- From: Cory Benfield <cory@lukasa.co.uk>
- Date: Fri, 6 Mar 2020 08:28:02 +0000
- To: Julian Reschke <julian.reschke@gmx.de>
- Cc: "Roy T. Fielding" <fielding@gbiv.com>, Rob Sayre <sayrer@gmail.com>, "ietf-http-wg@w3.org Group" <ietf-http-wg@w3.org>
On Tue, 25 Feb 2020 at 10:05, Julian Reschke <julian.reschke@gmx.de> wrote: > > On 25.02.2020 10:13, Cory Benfield wrote: > > Thanks Roy, this language seems like a reasonable compromise position. > > > > Of course, I expect it to be roundly ignored given how many HTTP > > implementations currently use bodies on these requests today, but it's > > nice to try to define the correct thing even if it isn't widely done. > > ... > > (devil's advocate) If they use request bodies here, doesn't that mean > interop is quite good? Again, what problem are we solving by forbidding > them? > > Best regards, Julian I think this is a perfectly valid question. It was not clear to me that there was an outstanding problem with supplying request bodies on these requests, which is why my original response said "eh an arbitrary endpoint won't understand them but if you control all the endpoints then you can just do what you want". This is the currently-used model for bodies in these requests.

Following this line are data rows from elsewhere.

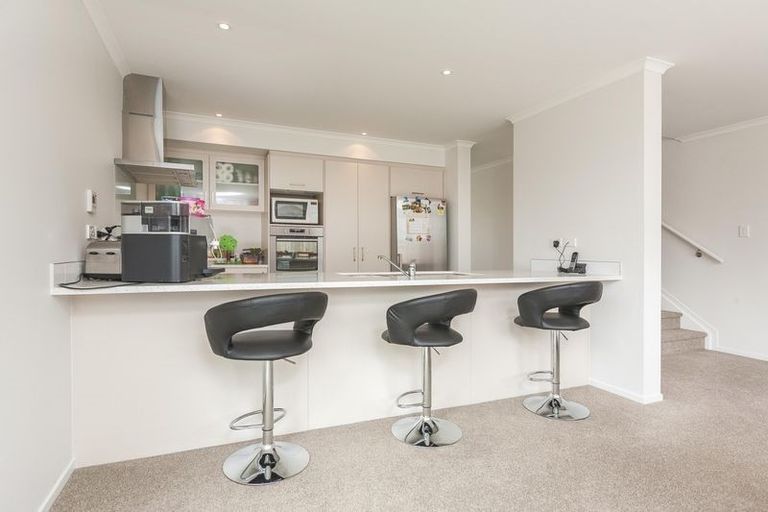 Photo of property in 97 Popokatea Drive, Takanini, 2112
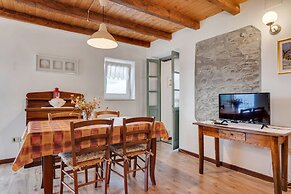 Holiday Home in San Siro Near Lake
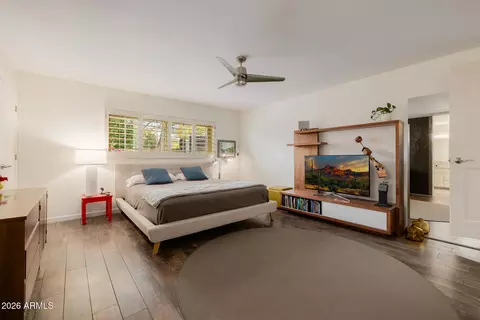 Bedroom - 5847 N 46th St, Phoenix, AZ 85018 photo 2 of 8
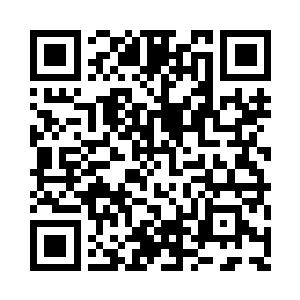 发现不远处的地面是空缺了一大块的二维码生成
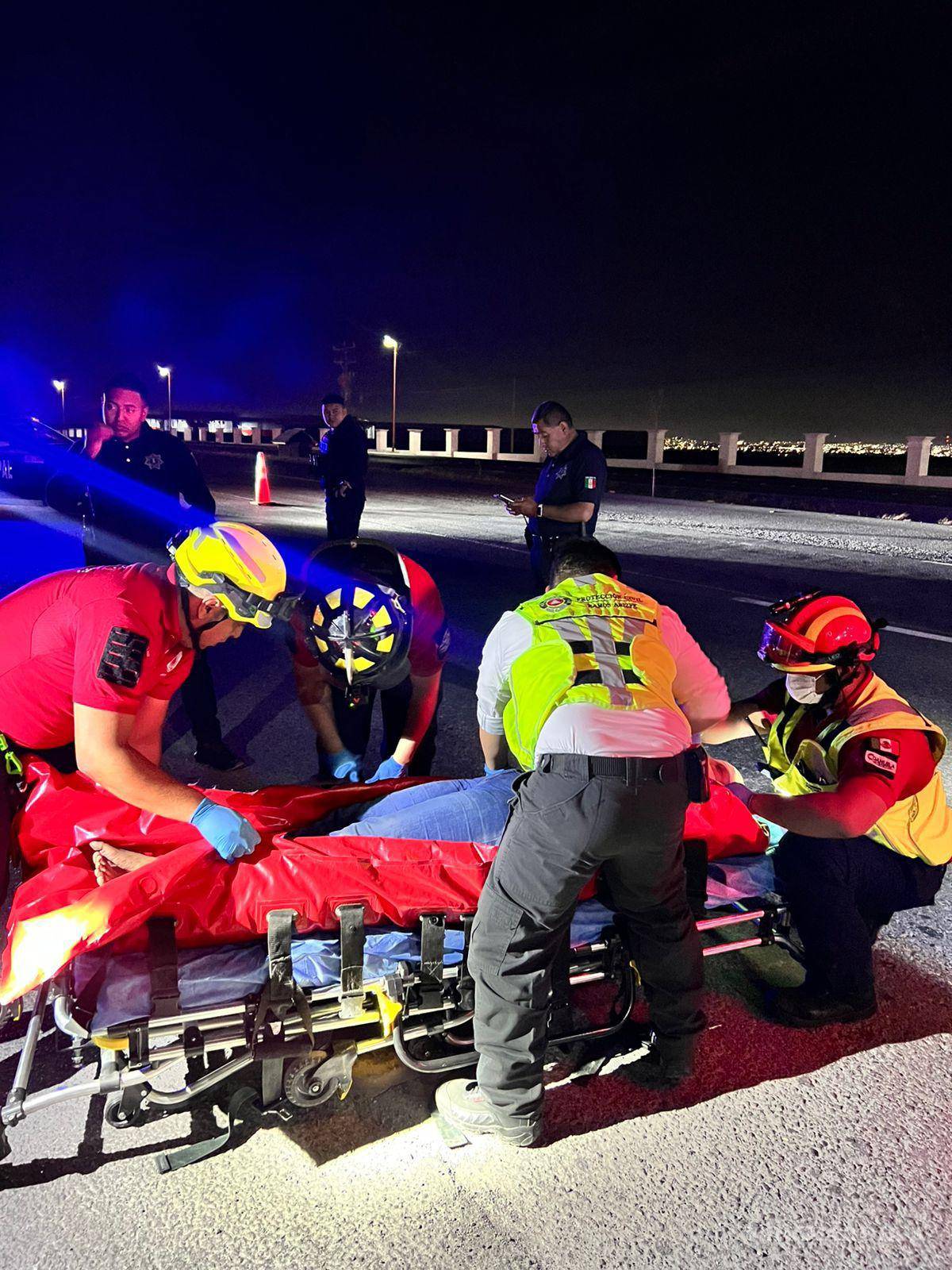 $!La víctima fue trasladada de urgencia al Hospital General de Saltillo, donde permanece en estado crítico.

On the other hand, I think Roy's argument (that in general bodies on these requests are going to be ignored) is not unreasonable either. After all, if you control all the endpoints you can just diverge from the HTTP RFCs in any way you wish and nothing bad will happen. The HTTP RFCs are only relevant where you care about what arbitrary other protocol participants will do in the face of your message. I still wish the new language were even clearer, and said something closer to what Roy originally said in this thread, but I understand why we'd add this language to the spec.